Take the data below and copy exactly the lines starting at the one with "武器が多彩ですビームザンバー+バスターガン" and finishing at the one with "Free People Mixed", both included.

<<<<

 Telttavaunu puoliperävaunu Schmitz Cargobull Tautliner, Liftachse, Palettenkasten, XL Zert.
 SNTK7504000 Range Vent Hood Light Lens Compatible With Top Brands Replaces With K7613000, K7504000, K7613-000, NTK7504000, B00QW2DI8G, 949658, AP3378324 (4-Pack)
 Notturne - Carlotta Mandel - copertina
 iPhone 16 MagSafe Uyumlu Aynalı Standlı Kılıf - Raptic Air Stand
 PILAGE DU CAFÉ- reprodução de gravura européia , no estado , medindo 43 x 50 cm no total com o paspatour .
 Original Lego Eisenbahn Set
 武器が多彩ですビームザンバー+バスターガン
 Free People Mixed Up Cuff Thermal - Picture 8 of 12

>>>>
<<<<

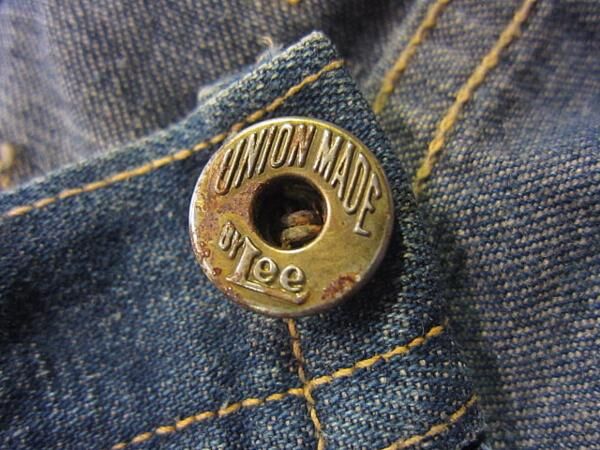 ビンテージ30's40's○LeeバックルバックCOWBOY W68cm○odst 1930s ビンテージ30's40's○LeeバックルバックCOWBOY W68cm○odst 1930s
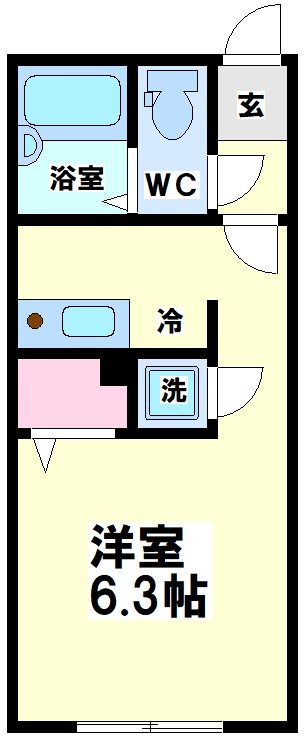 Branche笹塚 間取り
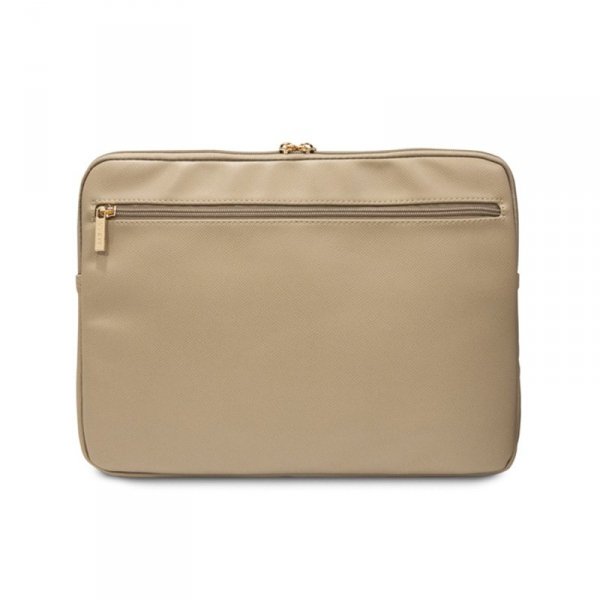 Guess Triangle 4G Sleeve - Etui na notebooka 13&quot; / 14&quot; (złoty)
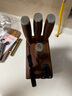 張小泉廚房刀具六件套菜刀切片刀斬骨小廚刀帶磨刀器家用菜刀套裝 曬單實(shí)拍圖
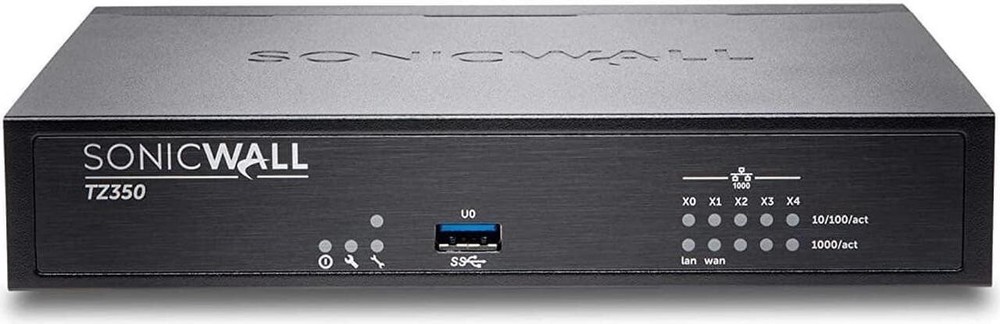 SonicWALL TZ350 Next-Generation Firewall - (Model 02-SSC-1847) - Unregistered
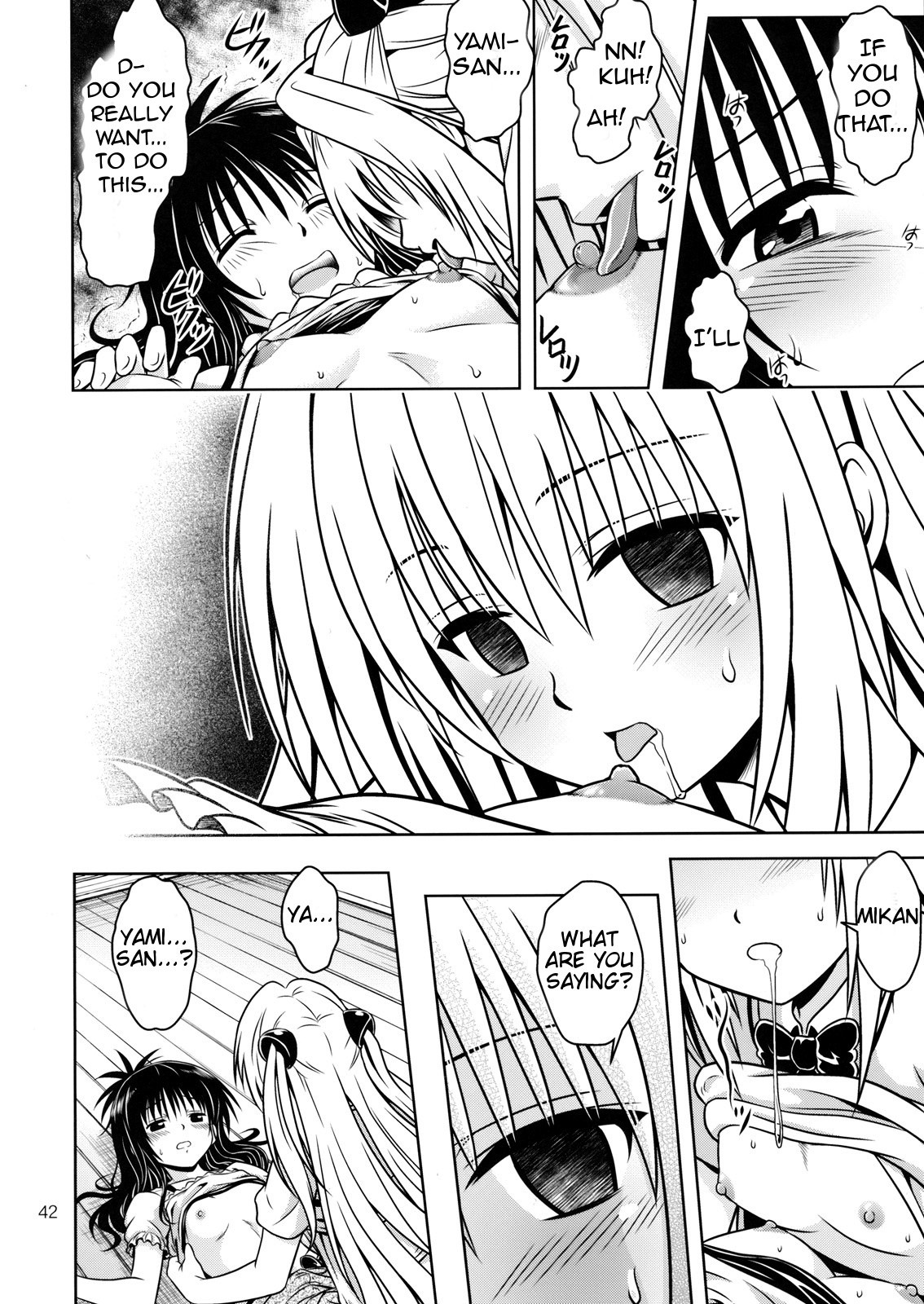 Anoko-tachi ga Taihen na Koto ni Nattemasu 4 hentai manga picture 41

>>>>

EXERCISE RESULT.
 武器が多彩ですビームザンバー+バスターガン
 Free People Mixed Up Cuff Thermal - Picture 8 of 12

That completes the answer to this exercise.